Retrieved 135 labels.


In [4]:
", ".join(labels)

'acq, alum, austdlr, austral, barley, bfr, bop, can, carcass, castor-meal, castor-oil, castorseed, citruspulp, cocoa, coconut, coconut-oil, coffee, copper, copra-cake, corn, corn-oil, cornglutenfeed, cotton , cotton-meal, cotton-oil, cottonseed, cpi, cpu, crude, cruzado, dfl, dkr, dlr, dmk, drachma, earn, escudo, f-cattle, ffr, fishmeal, flaxseed, fuel, gas, gnp, gold, grain, groundnut, groundnut-meal, groundnut-oil, heat, hk, hog, housing, income, instal-debt, interest, inventories, ipi, iron-steel, jet, jobs, l-cattle, lead, lei, lin-meal, lin-oil, linseed, lit, livestock, lumber, lupin, meal-feed, mexpeso, money-fx, money-supply, naphtha     , nat-gas, nickel, nkr, nzdlr, oat, oilseed, orange, palladium, palm-meal, palm-oil, palmkernel, peseta, pet-chem, platinum, plywood, pork-belly, potato, propane, rand, rape-meal, rape-oil, rapeseed, red-bean, reserves, retail, rice, ringgit, rubber, rupiah, rye, saudriyal, sfr, ship, silk, silver, singdlr, skr, sorghum, soy-meal, soy-oil, soybe

## Create Word Tokens and Split Train and Test Data

In [2]:
import numpy as np
import pandas as pd
from modules.preprocessing.clean import body_to_token, generate_bow, vectorize_data

In [6]:
# Get sgm filenames

s3_objects = s3.list_objects(
    Bucket=BUCKET,
    Prefix=DATA_CLEAN_PREFIX,
)["Contents"]
s3_objects = list(map(lambda x: x["Key"], s3_objects))

In [7]:
# Get Y labels, X words, and train/test split

Y = []
X = []
is_train = []
is_test = []


s3_object = s3.get_object(Bucket=BUCKET, Key=f"{DATA_CLEAN_PREFIX}dataset.json")
if s3_object["ResponseMetadata"]["HTTPStatusCode"] == 200:
    response = s3_object["Body"].read()
    all_entries = json.loads(response.decode())  # list of entries

    for entry in all_entries:
        
        if entry["split"] == "not-used":
            next

        # Tokenize text body (Note: takes a while to run)
        X.append(body_to_token(entry["body"]))

        # Label Y
        Y.append([int(label in entry["topics"]) for label in labels])

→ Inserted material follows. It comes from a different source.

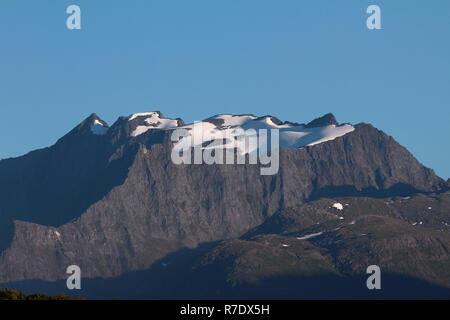Snow-covered mountain tops. Orsta, Norway Stock Photo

        # Determine how to split data: train, test, or not-used
        is_train += [1 if entry["split"] == "train" else 0]
        is_test += [1 if entry["split"] == "test" else 0]


In [233]:
# Split to train and test data

np_X = np.array(X, dtype=object)
np_Y = np.array(Y, dtype=object)


tbl = np.vstack((is_train, np_X))  # shape: 2, 21578
train_X = tbl[1, tbl[0,:] == 1]  # shape: 14668, 1

tbl = np.vstack((is_test, np_X))  # shape: 2, 21578
test_X = tbl[1, tbl[0,:] == 1]  # shape: 6188, 1

tbl = np.vstack((is_train, np_Y.T))  # shape: 136, 21578
train_Y = tbl[1:, tbl[0,:] == 1].T  # shape: 14668, 135

tbl = np.vstack((is_test, np_Y.T))  # shape: 136, 21578
test_Y = tbl[1:, tbl[0,:] == 1].T  # shape: 6188, 135

In [281]:
# Write to file

with open("data/pretrain_X.txt", "w") as file:
    json.dump(train_X.tolist(), file)
with open("data/pretest_X.txt", "w") as file:
    json.dump(test_X.tolist(), file)
with open("data/pretrain_Y.txt", "w") as file:
    json.dump(train_Y.tolist(), file)
with open("data/pretest_Y.txt", "w") as file:
    json.dump(test_Y.tolist(), file)

In [3]:
# Open file

with open("data/pretrain_X.txt", "r") as file:
    train_X = json.load(file)
with open("data/pretest_X.txt", "r") as file:
    test_X = json.load(file)
with open("data/pretrain_Y.txt", "r") as file:
    train_Y = json.load(file)
with open("data/pretest_Y.txt", "r") as file:
    test_Y = json.load(file)

## Explore Word Similarity

Try: Use `nn.Embedding` in PyTorch instead of Word2Vec.

In [9]:
# import gensim

# # Create continuous bag of words based on training data
# model = gensim.models.Word2Vec(train_X, min_count=1)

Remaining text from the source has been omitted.